Practice/Microsoft/Design a Distributed Linked List System

Design a Distributed Linked List System

System DesignMust

Problem Statement

Design a distributed system for a collaborative document editor similar to Google Docs or Notion, where multiple users can simultaneously edit the same document and see each other's changes in real time. The system must handle thousands of concurrent editors on popular documents, resolve conflicting edits without losing user intent, and maintain a consistent view across all clients even during network partitions or server failures.

The core challenge lies in achieving both low-latency updates (users expect to see changes within milliseconds) and strong eventual consistency (all replicas must converge to the same state). Your design must handle operational transforms or conflict-free replicated data types (CRDTs), broadcast changes efficiently, persist document state reliably, and provide features like presence indicators, cursor positions, and revision history.

Key Requirements

Functional

Real-time collaborative editing -- multiple users can edit the same document simultaneously with changes appearing to others within 100-200ms
Conflict resolution -- concurrent edits at the same position must be resolved deterministically without losing user intent
Presence and awareness -- users can see who else is viewing or editing the document and where their cursors are located
Document persistence -- all changes must be durably stored with complete revision history for rollback and audit
Rich text support -- handle formatted text including bold, italic, lists, headings, and embedded media with proper CRDT semantics

Non-Functional

Scalability -- support 10M active documents with up to 500 concurrent editors per popular document
Reliability -- 99.95% availability with no data loss; graceful degradation during network partitions or server failures
Latency -- p99 edit propagation under 200ms; document load time under 500ms for documents up to 10MB
Consistency -- strong eventual consistency where all clients converge to identical state; causal ordering of operations

What Interviewers Focus On

Based on real interview experiences, these are the areas interviewers probe most deeply:

1. Conflict Resolution Strategy

The heart of any collaborative editor is how it handles concurrent, conflicting edits.
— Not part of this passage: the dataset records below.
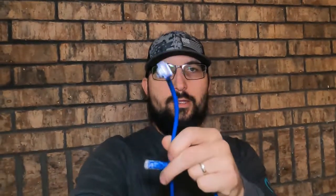Welcome back to Tools and Tactics. In this video I'm going to show you how to troubleshoot an ethernet cable just like this one here.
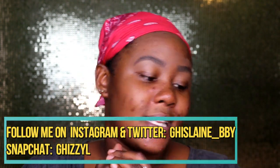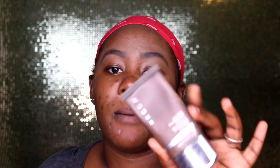First I'll put on primer — my Becca primer. I'm thinking about fast-forwarding parts of this tutorial, depending on how long the story takes. I'm not putting too much, just dabbing a little bit at a time before spreading it all over my face. With Becca you have to be quick because it dries fast and it's really matte.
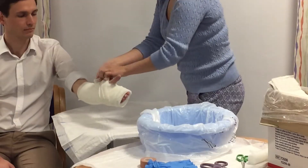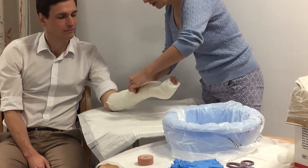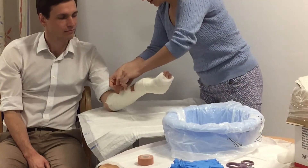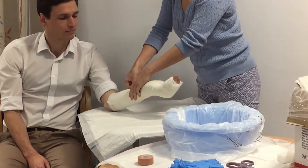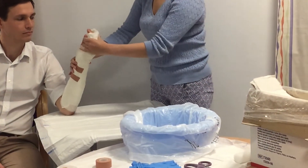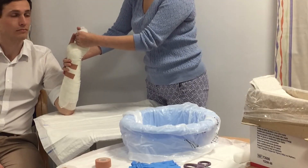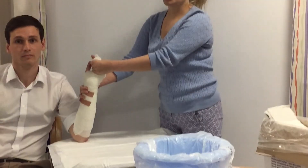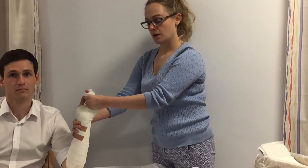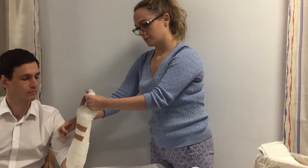Then we tape it down — here's one prepared earlier. We tape the end and then want to put it in the position of safety: hyperextend at the wrist to about 30 degrees, and flex at the metacarpophalangeal joints to 90 degrees, with the fingers remaining straight. You need to hold in this position until it hardens.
Interviewers want to see if you understand the difference between Operational Transformation (OT) and Conflict-free Replicated Data Types (CRDTs), and can reason about their tradeoffs.

Hints to consider:

OT requires a central server to serialize operations but offers simpler client logic; CRDTs allow peer-to-peer sync but require more complex data structures
Character-level CRDTs like Yjs or Automerge use position identifiers that grow over time and need periodic compaction
Consider how deletions interact with concurrent insertions at the same position, and how to preserve user intent
Version vectors or Lamport timestamps help establish causal ordering of operations across distributed clients

2. Broadcasting and Connection Management

With hundreds of concurrent editors, naive broadcast strategies (sending every keystroke to every user) will overwhelm the network. Interviewers expect thoughtful discussion of batching, throttling, and connection topologies.

Hints to consider:

WebSocket connections allow bidirectional streaming but create server load; consider connection pooling and load balancing strategies
Batch operations over short windows (50-100ms) to reduce message volume while maintaining responsiveness
Use presence channels or pub/sub patterns to broadcast changes only to active editors of a document
Implement exponential backoff for reconnection attempts and queue operations locally during temporary disconnections

3. Storage and Durability Model

Documents must be persisted efficiently while supporting fast reads, incremental updates, and complete history. The choice between storing full snapshots versus operation logs has profound implications for performance and storage cost.

Hints to consider:

Store periodic snapshots (e.g., every 100 operations) plus incremental operation logs to balance read performance and storage growth
Use append-only logs for operations to ensure durability and enable easy replication; operations are immutable once committed
Consider blob storage for large media embeddings referenced by document structure, not inline
Partition documents by ID for horizontal scaling; hot documents may need dedicated shards or caching layers

4. Handling Scale and Hotspots

Popular documents with hundreds of simultaneous editors create hotspots that can overwhelm single servers. Interviewers look for strategies to distribute load while maintaining consistency guarantees.

Hints to consider:

Employ a hierarchical broadcast topology where edge servers fan out changes to clients, reducing load on the origin server
Cache document state at edge locations with invalidation on writes; eventual consistency is acceptable for read-heavy viewers
Rate-limit operations per user to prevent abuse while allowing legitimate fast typing (e.g., 100 ops/second per user)
Use separate infrastructure for presence/cursors (ephemeral, high-frequency updates) versus document edits (durable, lower frequency)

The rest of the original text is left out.